Tie each issue to the downstream risk: broken trusted analysis, biased decisions, broken joins, stale dashboards, incorrect experiments, leakage, unreliable model features, or misleading segments. When possible, identify whether the issue is isolated to a source, segment, partition, time window, release, migration, backfill, or upstream pipeline change.
- Recommend fixes or automated tests.
Recommend the smallest set of follow-up fixes, monitoring, or automated tests that would materially reduce risk. Suggest automation only when the rule is stable and worth maintaining. Include or save the notebook/query path when code produced the findings.
Standards
Core Checks
- Completeness: null rate by column; null rate by partition, segment, and time bucket; unexpected empty strings or sentinel values; required-column population rate.
- Uniqueness: exact duplicate rows, duplicate primary keys, duplicate composite keys, and proportion unique for semi-unique fields such as emails or device IDs.
- Validity: type conformance after casting; format checks for IDs, emails, URLs,
enums, country codes, and timestamps; range checks for measures, percentages, counts, and dates; allowed-values checks for controlled vocabularies.
- Consistency: cross-field rule checks, units or currency consistency, status and timestamp alignment, and agreement between duplicated fields from different sources.
- Integrity: parent-child key coverage, orphan records, unexpected many-to-many joins, and broken slowly changing dimension joins.
- Timeliness: freshness lag from source event time to load time, freshness lag from load time to report time, missing recent partitions, and unexplained historical rewrites or backfills.
- Volume and shape: row-count drift, distinct-count drift, distribution drift,
share-of-total drift for major categories, and new or disappeared categories.
Specific Check Guidance
- Duplicates and keys: check exact duplicates, primary key duplicates, composite key duplicates at the intended grain, and near-duplicates caused by whitespace,
casing, formatting, or late updates. Report count, share of affected rows, duplicated keys, and whether duplication is isolated to a time range, source, or segment.
- Missingness: distinguish acceptable sparsity from broken completeness. Check null rates over time, newly null columns after schema or pipeline changes, and sentinel values such as
'','unknown','n/a',0, or-1. - Domain validity: check malformed identifiers, country codes, timestamps,
impossible values, values outside allowed sets, and cross-field contradictions such as is_cancelled = false with a non-null cancelled_at.
- Join coverage: when multiple datasets are involved, check foreign keys that do not match a parent table, unexpected one-to-many expansion, coverage loss when joining to dimensions or experiments, and row counts before and after joins.

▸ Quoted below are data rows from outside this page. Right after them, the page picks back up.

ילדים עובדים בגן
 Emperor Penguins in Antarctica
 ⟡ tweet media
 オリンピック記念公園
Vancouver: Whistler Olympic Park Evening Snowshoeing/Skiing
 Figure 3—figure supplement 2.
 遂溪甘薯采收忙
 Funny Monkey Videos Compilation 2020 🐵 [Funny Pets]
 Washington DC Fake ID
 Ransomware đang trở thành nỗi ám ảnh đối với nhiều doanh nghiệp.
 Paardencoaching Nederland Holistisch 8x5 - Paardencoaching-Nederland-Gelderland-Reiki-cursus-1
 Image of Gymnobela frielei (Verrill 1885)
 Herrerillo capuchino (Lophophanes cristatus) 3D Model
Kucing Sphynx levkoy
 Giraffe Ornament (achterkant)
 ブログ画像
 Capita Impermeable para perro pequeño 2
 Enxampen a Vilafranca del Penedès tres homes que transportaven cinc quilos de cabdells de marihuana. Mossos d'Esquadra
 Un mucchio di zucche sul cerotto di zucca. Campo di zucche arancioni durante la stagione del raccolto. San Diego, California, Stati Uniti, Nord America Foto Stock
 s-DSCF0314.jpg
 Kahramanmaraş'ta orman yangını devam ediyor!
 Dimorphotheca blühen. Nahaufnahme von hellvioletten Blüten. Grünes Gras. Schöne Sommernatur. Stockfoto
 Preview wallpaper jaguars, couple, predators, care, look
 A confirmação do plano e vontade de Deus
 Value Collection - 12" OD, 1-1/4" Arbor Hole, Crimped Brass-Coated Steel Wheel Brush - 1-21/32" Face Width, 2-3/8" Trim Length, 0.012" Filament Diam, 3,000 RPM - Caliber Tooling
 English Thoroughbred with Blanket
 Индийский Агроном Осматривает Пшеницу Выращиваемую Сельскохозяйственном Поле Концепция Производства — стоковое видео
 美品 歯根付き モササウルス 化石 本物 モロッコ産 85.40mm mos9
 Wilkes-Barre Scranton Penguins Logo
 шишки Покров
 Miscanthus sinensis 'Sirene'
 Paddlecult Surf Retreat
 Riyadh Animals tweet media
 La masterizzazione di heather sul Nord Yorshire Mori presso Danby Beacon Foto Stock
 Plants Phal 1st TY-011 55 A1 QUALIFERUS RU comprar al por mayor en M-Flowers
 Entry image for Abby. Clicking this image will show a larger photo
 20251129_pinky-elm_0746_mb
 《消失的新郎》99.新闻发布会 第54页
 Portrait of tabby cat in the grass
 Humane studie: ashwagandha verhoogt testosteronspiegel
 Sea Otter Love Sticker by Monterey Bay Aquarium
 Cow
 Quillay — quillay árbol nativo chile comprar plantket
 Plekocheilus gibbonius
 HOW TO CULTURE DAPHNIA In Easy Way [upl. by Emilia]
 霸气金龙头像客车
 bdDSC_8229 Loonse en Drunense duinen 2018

- Freshness and schema drift: check row-count changes against recent history,
lag on important date columns, added/removed/retyped columns, and shifts in sparsity or cardinality that suggest upstream changes.
- Outliers and distribution shifts: use robust methods such as quantiles, MAD,
or IQR before defaulting to z-scores. Check sudden changes in mean, median, variance, zero rate, category share, and long-tail behavior.
- Leakage, backfill, and time travel: check features populated before they should exist, future-dated records, late-arriving data causing unstable recent partitions, and backfills that change historical counts without annotation.
Severity
- Critical: breaks trusted analysis, core joins, production dashboards, or key decisions, such as duplicated grain, missing primary keys, or stale production data.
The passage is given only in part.